Rocha sem fòrma ou sombra,
procuro alguma perfeição
por mão artífice.
Por outro lado,
ardo, um braço, uma tocha
com a ferocidade, a malícia cruel
de uma infância outra.
Escurece. Rostos dissolvem-se, negros,
observados a fògos-fátuos, vigilantes:
um sistema construído
para mútua espionagem e juízo.
Um sistema de absorção da coragem:
dor, suas causa e conseqüência.
¿Quem tem a chave da concha vazia
do dia-a-dia... onde se acolitam
conseguimentos por conta d’ outrem?
Frustrante. Apenas um esbôço
de movimento para diante
visto nos diferentes ângulos.
Mas uma ideia deve escrever-se
vezes sem conta, no caminho
d’ alguma moratória certeza.
Hesito, solitário de novo
no perigo da escrita
pelo campo das imagens
convencionais, à procura
do encontro e da superação
em sua honra: depauperando-me.
Campo do silêncio e da chama
ateáveis. ¿Quem tem a chave
de um longo e duro olhar?
Ler mais
Paulo da Costa Domingos
Lisboa, 1953.
Começa a publicar versos aos dezanove anos de idade, ainda durante a ditadura. Da pouco mais de meia centena de títulos (não nobiliárquicos, apesar do seu espírito aristocrático) que se lhe conhecem, pode ler-se no livro Carmina [carmes], de 1995, um friso de vida literária entre surrealistas, relapsos e desertores. A sua conflituosa passagem, quer pela imprensa periódica, ficando registada no livro Vaga (1990), quer pela estupidez crónica, com registo nos livros JudiceariaseCorrida de Galgos com Lebre Mecânica (ambos de 2000), de par com os tumultos suscitados pela sua condução dos trabalhos de co-organizar e fazer imprimir a antologia poética Sião (1987), cobriram-no por um estigma público de “mau feitio” somente clarificado aquando da publicação do panegírico Narrativa, em 2009.
Paralelamente, é conhecido como editor da Frenesi, e aí – autodidacta filho de seu pai desenhador cartográfico – fez das artes gráficas uma girândola implacável no seio do nojo estético que pulula pelos escaparates das livrarias.

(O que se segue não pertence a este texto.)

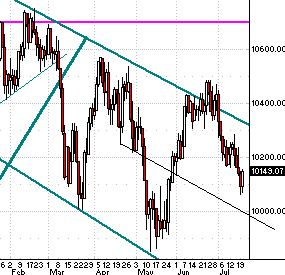f-h Oni BW sb & Friends-TTT, Mittwoch 21.07.04 463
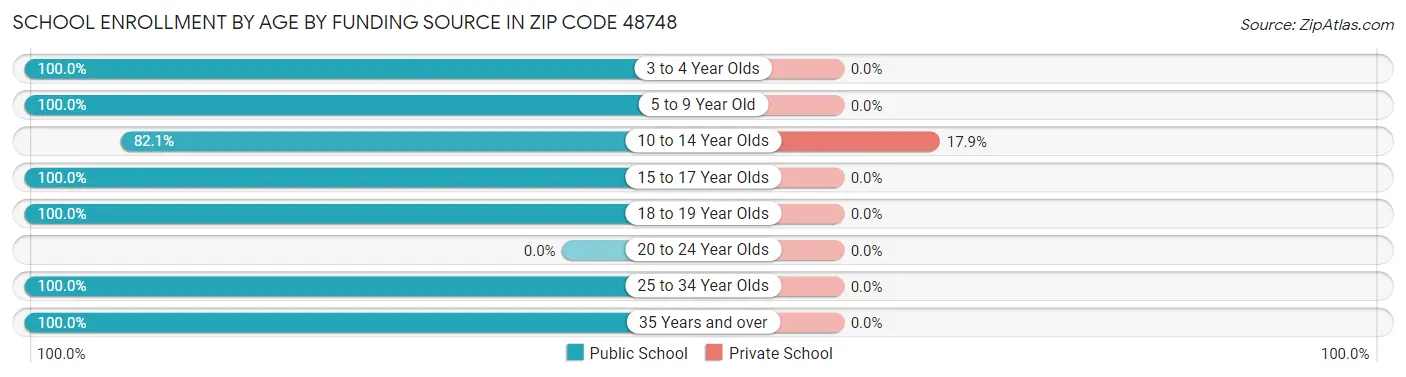 School Enrollment by Age by Funding Source in Zip Code 48748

Mas como filho de peixe para saber nadar precisa de seguir o cardume, cedo (logo em 1972) procurou e encontrou no mentor da casa & etc a esteira para os seus destino e deriva, de que deu há pouco notícia pessoal no livro de homenagem a Vitor Silva Tavares, & etc uma editora no subterrâneo.
De-novo-de-novo, há a assinalar os títulos das suas obras mais recentes (entre 2004 e 2012): novas versões de Gogh Uma Orelha Sem Mestre e de Asfalto, e Nas Alturas e O Homem Quase Novo, que fecham o ciclo-frenesi; de regresso aos velhos hábitos, publica consecutivamente na & etc A Escrita (2010), Averbamento (2011) e Versos Abrasileirados (2012). Mais recentemente, publicou «voici la poésie ce matin et pour la prose il y a les journaux» (2014), Cal(2015), A Céu Aberto (2017), Sumo de Limão (2017), Jocasta (2018) e Dizimar (2018).
Por último: contra a vontade governamental, continuará a escrever na língua portuguesa.